Task directions
What the task needs is every record repeated exactly, nothing more.
════════
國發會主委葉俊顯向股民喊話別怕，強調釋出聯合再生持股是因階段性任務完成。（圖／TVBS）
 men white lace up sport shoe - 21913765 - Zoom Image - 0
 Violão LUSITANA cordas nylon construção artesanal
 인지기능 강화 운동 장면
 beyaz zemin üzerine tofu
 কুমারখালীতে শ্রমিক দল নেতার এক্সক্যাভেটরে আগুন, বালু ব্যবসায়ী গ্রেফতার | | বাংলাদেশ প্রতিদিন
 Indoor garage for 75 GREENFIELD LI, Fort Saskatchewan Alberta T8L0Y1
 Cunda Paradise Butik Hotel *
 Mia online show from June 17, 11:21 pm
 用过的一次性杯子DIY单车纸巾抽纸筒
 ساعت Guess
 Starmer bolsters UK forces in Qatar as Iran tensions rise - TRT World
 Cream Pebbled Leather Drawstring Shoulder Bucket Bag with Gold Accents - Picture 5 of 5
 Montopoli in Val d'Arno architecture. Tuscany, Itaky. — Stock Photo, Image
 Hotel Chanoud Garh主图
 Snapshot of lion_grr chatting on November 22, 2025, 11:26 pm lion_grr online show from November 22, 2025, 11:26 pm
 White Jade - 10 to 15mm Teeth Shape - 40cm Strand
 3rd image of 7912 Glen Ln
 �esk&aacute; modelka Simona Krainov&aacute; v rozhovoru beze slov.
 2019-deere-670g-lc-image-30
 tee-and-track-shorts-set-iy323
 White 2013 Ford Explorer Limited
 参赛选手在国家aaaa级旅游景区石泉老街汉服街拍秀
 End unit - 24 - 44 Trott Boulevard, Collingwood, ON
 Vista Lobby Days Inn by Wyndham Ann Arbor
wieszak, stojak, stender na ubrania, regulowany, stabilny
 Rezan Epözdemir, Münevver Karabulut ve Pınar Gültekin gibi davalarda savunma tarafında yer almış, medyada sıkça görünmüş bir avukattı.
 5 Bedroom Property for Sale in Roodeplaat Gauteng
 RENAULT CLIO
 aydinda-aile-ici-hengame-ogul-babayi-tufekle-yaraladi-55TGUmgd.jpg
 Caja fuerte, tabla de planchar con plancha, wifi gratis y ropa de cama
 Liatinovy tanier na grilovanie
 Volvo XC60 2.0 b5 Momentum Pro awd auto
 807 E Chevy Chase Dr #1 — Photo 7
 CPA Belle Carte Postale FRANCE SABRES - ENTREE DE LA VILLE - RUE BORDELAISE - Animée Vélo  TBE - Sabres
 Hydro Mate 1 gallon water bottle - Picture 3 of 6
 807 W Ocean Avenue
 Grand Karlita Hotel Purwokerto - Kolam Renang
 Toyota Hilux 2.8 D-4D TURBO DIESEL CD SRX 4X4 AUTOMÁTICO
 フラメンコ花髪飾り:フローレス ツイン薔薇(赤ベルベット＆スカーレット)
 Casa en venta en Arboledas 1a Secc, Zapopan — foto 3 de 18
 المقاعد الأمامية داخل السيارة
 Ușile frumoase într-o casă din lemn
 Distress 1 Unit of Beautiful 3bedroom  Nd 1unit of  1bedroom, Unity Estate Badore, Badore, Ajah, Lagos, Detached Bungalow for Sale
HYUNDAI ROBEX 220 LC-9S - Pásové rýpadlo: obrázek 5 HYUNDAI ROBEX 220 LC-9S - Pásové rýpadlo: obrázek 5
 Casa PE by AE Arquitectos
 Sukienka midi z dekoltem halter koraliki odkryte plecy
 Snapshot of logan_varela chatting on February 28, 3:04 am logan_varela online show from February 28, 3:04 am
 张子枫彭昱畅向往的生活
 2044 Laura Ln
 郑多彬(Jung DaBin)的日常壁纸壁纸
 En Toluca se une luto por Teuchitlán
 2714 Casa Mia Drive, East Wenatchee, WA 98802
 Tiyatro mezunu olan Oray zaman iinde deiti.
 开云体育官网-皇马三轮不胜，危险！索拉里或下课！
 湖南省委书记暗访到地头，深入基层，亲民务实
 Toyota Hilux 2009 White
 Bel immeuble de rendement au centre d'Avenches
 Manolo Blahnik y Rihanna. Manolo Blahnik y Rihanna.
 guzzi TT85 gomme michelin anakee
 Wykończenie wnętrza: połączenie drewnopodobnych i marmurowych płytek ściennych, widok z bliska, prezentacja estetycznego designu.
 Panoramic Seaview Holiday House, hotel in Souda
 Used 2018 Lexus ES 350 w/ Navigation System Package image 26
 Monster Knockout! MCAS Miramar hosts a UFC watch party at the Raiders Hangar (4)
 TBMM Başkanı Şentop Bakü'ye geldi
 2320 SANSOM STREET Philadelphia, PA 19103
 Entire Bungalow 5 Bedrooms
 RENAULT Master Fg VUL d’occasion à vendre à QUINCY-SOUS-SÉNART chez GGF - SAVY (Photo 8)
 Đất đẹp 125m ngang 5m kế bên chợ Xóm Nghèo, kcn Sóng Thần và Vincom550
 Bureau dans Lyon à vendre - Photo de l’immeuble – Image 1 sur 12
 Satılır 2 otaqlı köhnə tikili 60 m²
════════
Answer to the exercise
國發會主委葉俊顯向股民喊話別怕，強調釋出聯合再生持股是因階段性任務完成。（圖／TVBS）
 men white lace up sport shoe - 21913765 - Zoom Image - 0
 Violão LUSITANA cordas nylon construção artesanal
 인지기능 강화 운동 장면
 beyaz zemin üzerine tofu
 কুমারখালীতে শ্রমিক দল নেতার এক্সক্যাভেটরে আগুন, বালু ব্যবসায়ী গ্রেফতার | | বাংলাদেশ প্রতিদিন
 Indoor garage for 75 GREENFIELD LI, Fort Saskatchewan Alberta T8L0Y1
 Cunda Paradise Butik Hotel *
 Mia online show from June 17, 11:21 pm
 用过的一次性杯子DIY单车纸巾抽纸筒
 ساعت Guess
 Starmer bolsters UK forces in Qatar as Iran tensions rise - TRT World
 Cream Pebbled Leather Drawstring Shoulder Bucket Bag with Gold Accents - Picture 5 of 5
 Montopoli in Val d'Arno architecture. Tuscany, Itaky. — Stock Photo, Image
 Hotel Chanoud Garh主图
 Snapshot of lion_grr chatting on November 22, 2025, 11:26 pm lion_grr online show from November 22, 2025, 11:26 pm
 White Jade - 10 to 15mm Teeth Shape - 40cm Strand
 3rd image of 7912 Glen Ln
 �esk&aacute; modelka Simona Krainov&aacute; v rozhovoru beze slov.
 2019-deere-670g-lc-image-30
 tee-and-track-shorts-set-iy323
 White 2013 Ford Explorer Limited
 参赛选手在国家aaaa级旅游景区石泉老街汉服街拍秀
 End unit - 24 - 44 Trott Boulevard, Collingwood, ON
 Vista Lobby Days Inn by Wyndham Ann Arbor
wieszak, stojak, stender na ubrania, regulowany, stabilny
 Rezan Epözdemir, Münevver Karabulut ve Pınar Gültekin gibi davalarda savunma tarafında yer almış, medyada sıkça görünmüş bir avukattı.
 5 Bedroom Property for Sale in Roodeplaat Gauteng
 RENAULT CLIO
 aydinda-aile-ici-hengame-ogul-babayi-tufekle-yaraladi-55TGUmgd.jpg
 Caja fuerte, tabla de planchar con plancha, wifi gratis y ropa de cama
 Liatinovy tanier na grilovanie
 Volvo XC60 2.0 b5 Momentum Pro awd auto
 807 E Chevy Chase Dr #1 — Photo 7
 CPA Belle Carte Postale FRANCE SABRES - ENTREE DE LA VILLE - RUE BORDELAISE - Animée Vélo  TBE - Sabres
 Hydro Mate 1 gallon water bottle - Picture 3 of 6
 807 W Ocean Avenue
 Grand Karlita Hotel Purwokerto - Kolam Renang
 Toyota Hilux 2.8 D-4D TURBO DIESEL CD SRX 4X4 AUTOMÁTICO
 フラメンコ花髪飾り:フローレス ツイン薔薇(赤ベルベット＆スカーレット)
 Casa en venta en Arboledas 1a Secc, Zapopan — foto 3 de 18
 المقاعد الأمامية داخل السيارة
 Ușile frumoase într-o casă din lemn
 Distress 1 Unit of Beautiful 3bedroom  Nd 1unit of  1bedroom, Unity Estate Badore, Badore, Ajah, Lagos, Detached Bungalow for Sale
HYUNDAI ROBEX 220 LC-9S - Pásové rýpadlo: obrázek 5 HYUNDAI ROBEX 220 LC-9S - Pásové rýpadlo: obrázek 5
 Casa PE by AE Arquitectos
 Sukienka midi z dekoltem halter koraliki odkryte plecy
 Snapshot of logan_varela chatting on February 28, 3:04 am logan_varela online show from February 28, 3:04 am
 张子枫彭昱畅向往的生活
 2044 Laura Ln
 郑多彬(Jung DaBin)的日常壁纸壁纸
 En Toluca se une luto por Teuchitlán
 2714 Casa Mia Drive, East Wenatchee, WA 98802
 Tiyatro mezunu olan Oray zaman iinde deiti.
 开云体育官网-皇马三轮不胜，危险！索拉里或下课！
 湖南省委书记暗访到地头，深入基层，亲民务实
 Toyota Hilux 2009 White
 Bel immeuble de rendement au centre d'Avenches
 Manolo Blahnik y Rihanna. Manolo Blahnik y Rihanna.
 guzzi TT85 gomme michelin anakee
 Wykończenie wnętrza: połączenie drewnopodobnych i marmurowych płytek ściennych, widok z bliska, prezentacja estetycznego designu.
 Panoramic Seaview Holiday House, hotel in Souda
 Used 2018 Lexus ES 350 w/ Navigation System Package image 26
 Monster Knockout! MCAS Miramar hosts a UFC watch party at the Raiders Hangar (4)
 TBMM Başkanı Şentop Bakü'ye geldi
 2320 SANSOM STREET Philadelphia, PA 19103
 Entire Bungalow 5 Bedrooms
 RENAULT Master Fg VUL d’occasion à vendre à QUINCY-SOUS-SÉNART chez GGF - SAVY (Photo 8)
 Đất đẹp 125m ngang 5m kế bên chợ Xóm Nghèo, kcn Sóng Thần và Vincom550
 Bureau dans Lyon à vendre - Photo de l’immeuble – Image 1 sur 12
 Satılır 2 otaqlı köhnə tikili 60 m²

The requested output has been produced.